## What the exercise asks
Leaving out every picture, quote the data below exactly as it appears.

──────── Input data ────────

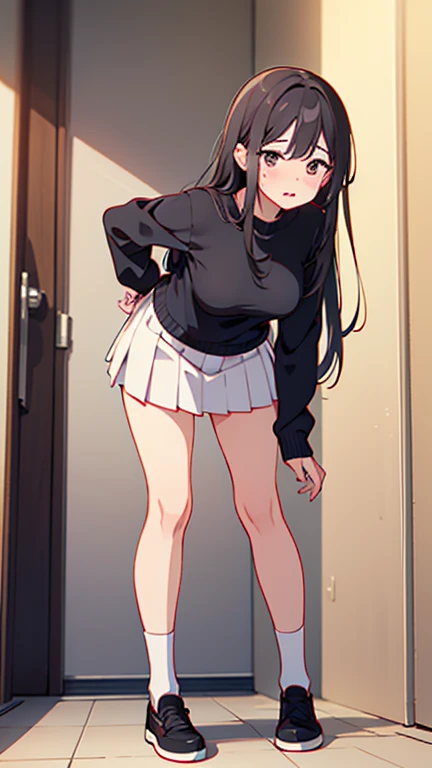 ((Grabbing a dildo inserted in her pussy)), Pleated skirt, My Room, (Angry face, blush, Sweat), standing, navy long hair, Big Breasts, pussy Juice:1.5,
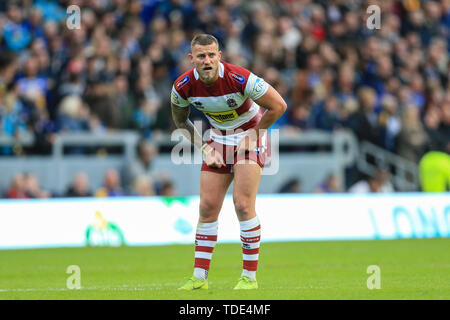 14. Juni 2019, Headingley Carnegie Stadion, England; Betfred Super League, Runde 18, Leeds Rhinos vs Wigan Warriors; Chris Hankinson (23) von Wigan Warriors während des Spiels Credit: Mark Cosgrove/News Bilder Stockfoto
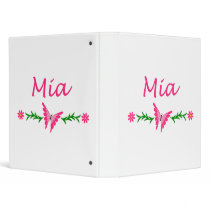 Mia (Pink Butterfly) Vinyl Binder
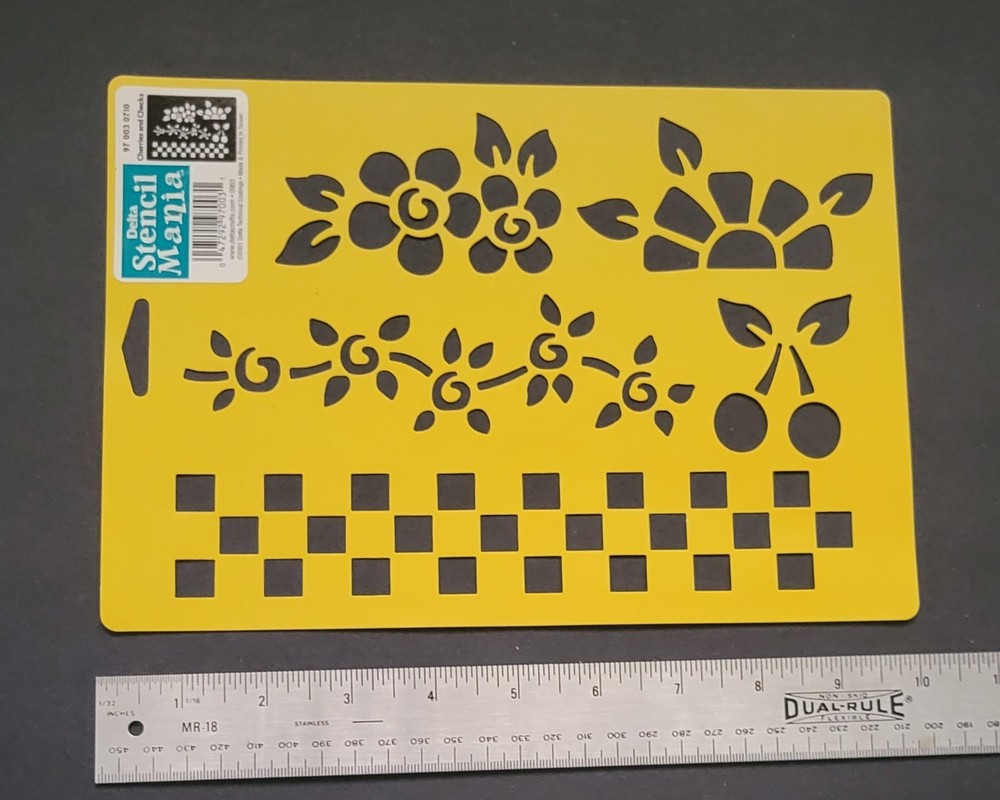 Cherries And Checks Plastic Stencil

────────

## Reply to the exercise
 ((Grabbing a dildo inserted in her pussy)), Pleated skirt, My Room, (Angry face, blush, Sweat), standing, navy long hair, Big Breasts, pussy Juice:1.5,
 14. Juni 2019, Headingley Carnegie Stadion, England; Betfred Super League, Runde 18, Leeds Rhinos vs Wigan Warriors; Chris Hankinson (23) von Wigan Warriors während des Spiels Credit: Mark Cosgrove/News Bilder Stockfoto
 Mia (Pink Butterfly) Vinyl Binder
 Cherries And Checks Plastic Stencil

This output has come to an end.